幼稚園児だった私には、高校の制服に身を包んで颯爽と歩く彼が、この上なく格好良く見えたものだ。
公園で遊んだ帰りにたまたまその姿を見かけて、目が合うとにっこりと笑い返してくれた。その笑顔があまりにも印象的で、同じ園に通う男の子たちなんて、それこそ幼稚な子供にしか見えていなかった……微笑ましい初恋の記憶が蘇る。
そんな彼もやがて大学に進学し、しばらく顔を見ない日が続いた。次に顔を合わせたときには、彼はある女性と結婚した後だった。
ショックではなかったと言ったら嘘になる。けれど、大きなお腹を抱えたその女性はとても綺麗で、彼に寄り添って歩く姿は誰がどう見てもお似合いだった。
失恋というほど大袈裟なものでは、多分なかった。
その後も何度か顔を合わせる機会はあったものの、彼の奥さんに対して不穏な感情を抱いたわけでもなんでもない。ほのかに抱いていた憧れの気持ちに、ほんの少しの苦さが混ざり込んで……それだけだ。
月日は流れ、やがて私は高校を卒業し、県外の会社に就職した。
実家を離れてひとり暮らしをしていた私は、ある年、盆休みに帰省したときに偶然彼と再会した。
『離婚したんだ』
苦笑気味に呟いた彼の言葉に、精神的にまだまだ子供だった私は簡単に囚われ、溺れた。
逢瀬を繰り返し、告げられたプロポーズ。舞い上がっていた私は、それを運命と思い込み、迷わず彼と結婚する道を選んだ。

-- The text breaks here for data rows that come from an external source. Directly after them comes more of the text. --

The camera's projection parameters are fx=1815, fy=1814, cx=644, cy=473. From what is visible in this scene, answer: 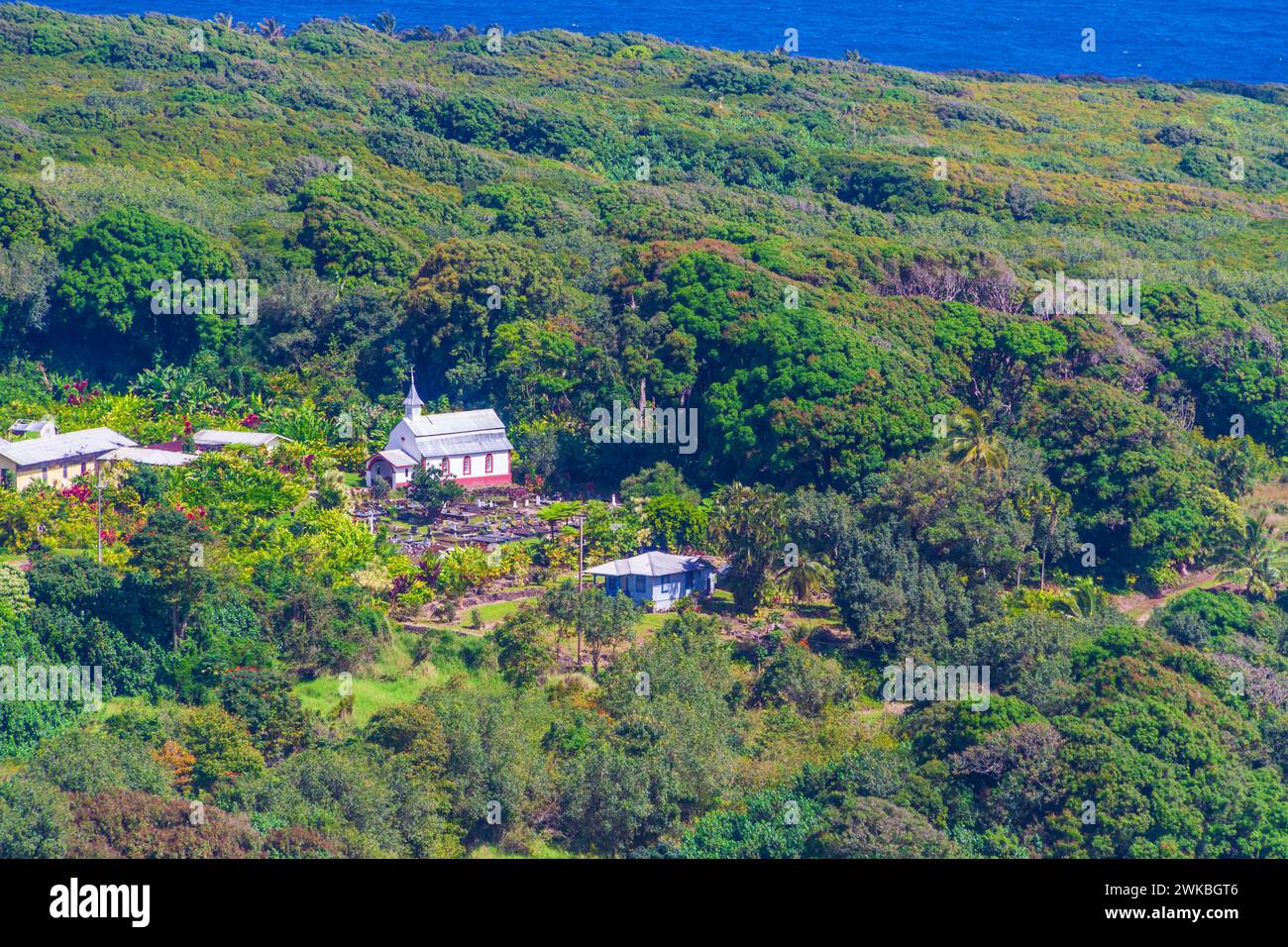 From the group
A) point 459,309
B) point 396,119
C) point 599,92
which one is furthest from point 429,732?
point 599,92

翌月には退職し、地元に戻ってきて入籍手続きを済ませた。新しい仕事には就かなくていいと言われ、それも承諾した。訝しくさえ思わなかった。『家で自分の帰りを待っていてほしいから』と告げられ、浮かれきっていたからだ。
彼には連れ子がいた。ああ、あのとき奥さんのお腹にいた……そう理解するまで少し時間がかかった。
高校に入学したばかりだという彼の息子、翼くんは、私が幼い頃によく目にしていた夫とそっくりの顔をしていた。
当初、翼くんは私と口を利こうとしなかった。
学校の規則で明らかに許されていなそうな、金に近い明るい色の髪。ジャラジャラと耳を覆う派手なピアス。それまでの私は、その手の容姿をしている人と接点を持ったことがほとんどなかった。最初の頃はどうしても近寄りがたく、話をするにも毎回緊張していた。

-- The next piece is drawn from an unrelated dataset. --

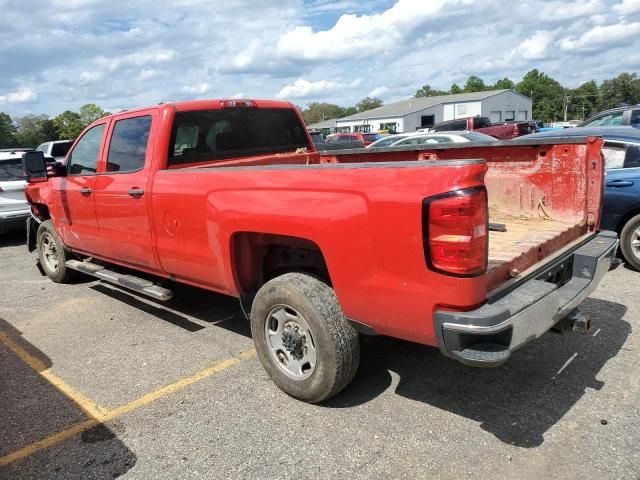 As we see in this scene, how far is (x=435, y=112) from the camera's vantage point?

加えて、翼くんは元から寡黙なタイプだ。会話はほとんど成立しなかった。
それが崩れたのは、翼くんに対する夫の視線の冷たさに気づいたときだ。
厭わしげに息子を眺める夫と、それに対して反応を見せず無関心を貫く翼くん。不仲というよりは、互いに相手への関心がほとんどない――そんな感じだった。
そのことが寂しく感じられ、以降、私は翼くんへ積極的に話しかけるようになった。
きっと、私も寂しかったのだと思う。結婚から幾月も経たないうち、夫がほとんど家に戻らなくなっていたからだ。
仕事が忙しいことは結婚前から知っていたけれど、二日に一度、三日に一度、一週間に一度と、夫が家へ帰宅する回数は次第に減っていった。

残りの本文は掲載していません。